Why is he such a big deal as an investor?
Warren Buffett is a remarkable investor.
Warren Buffett is not just lucky.
He has such a long track record, the 70-year track record that we can document of his investing.
And obviously not every year has been a resounding success, but compounded over those years, no
one has done it as well and no one has done it for as long as Warren Buffett has.
Buffett started investing when he was a kid.
He eventually bought a run-down textile manufacturing company called Berkshire Hathaway.
And he used it to buy other companies and invest in the stock market.
Over the decades, the key to Buffett's success has been to, one, pick the right companies to invest in,
and then, two, hold on to those investments for a long time and let the magic of compound interest do the rest.
Compound interest is basically making money and then making money on that money,
and then making money on that money,
and making money on that money,
and it can turn into a gigantic difference at the end.
Since 1965, when Buffett took over Berkshire Hathaway,
the S&P 500 has made 10% a year on average. Buffett, on the other hand,
has made 20% a year on average. And thanks to the power of compound interest, that difference is way
bigger than it sounds. If you had invested in Berkshire Hathaway when he took it over in 1965,
today you would have made 140 times as much as an investor who just bought the Standard
Imports 500.
Here's Buffett talking about compound interest in a documentary.

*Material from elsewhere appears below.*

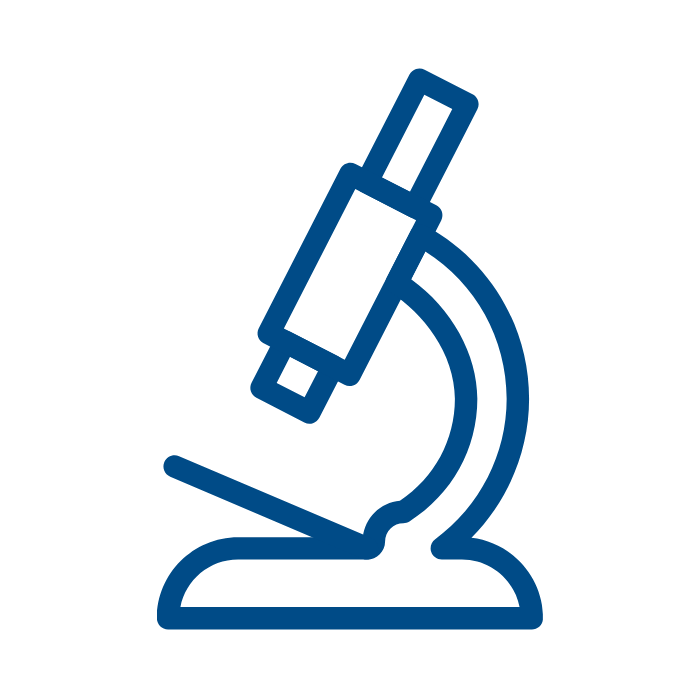 Outline icon of a microscope.
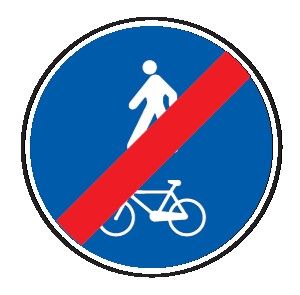 Cartello Ø 40 cm Alluminio Scatolato Classe 2 FINE DELLA PISTA CICLABILE CONTINGUA AL MARCIAPIEDE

It's a pretty simple concept, but over time, it accomplishes extraordinary things.
The longer you hold onto a stock, the more time that compound interest can work, which
is why it's so surprising that Buffett has been selling stock from big companies like
Apple and Bank of America.
It's been the last two or three quarters that Berkshire Hathaway has been selling down its
positions.
So Berkshire Hathaway was building up cash.
He has sold down two of his largest shareholdings, not to zero, but tens of billions of dollars
of each of these holdings.
Buffett hasn't said exactly why he's doing it.
Is it possible that his decision to take this money
out of the stock market has something to do
with just where he is in his own life?
I mean, he's 94 years old.
Obviously nobody lives forever.
Could he be thinking about, you know, could that be a factor in what he's doing right
now?
You know, I got so many reader emails and comments saying, does this have to do with
the state planning?
Maybe it's the smartest state planning strategy and then he has more cash to leave to people.
That's actually not the case at all, because he is going to leave more than
99% of his money to charity in the form of Berkshire stock. So whether Berkshire has
a lot of cash or has no cash, does that matter?
Did you think that Warren Buffett's cash hoarding might have something to do with the presidential
election and who he thought might win? Yeah, it's been suggested to me, you know,
in reader comments and some smart reader comments,
well, maybe he was hedging his bets because of the election,
or maybe he was concerned about inflation,
or maybe he sold all these stocks
because he reckoned that capital gains taxes would rise,
and so he wanted to lock in a lower rate.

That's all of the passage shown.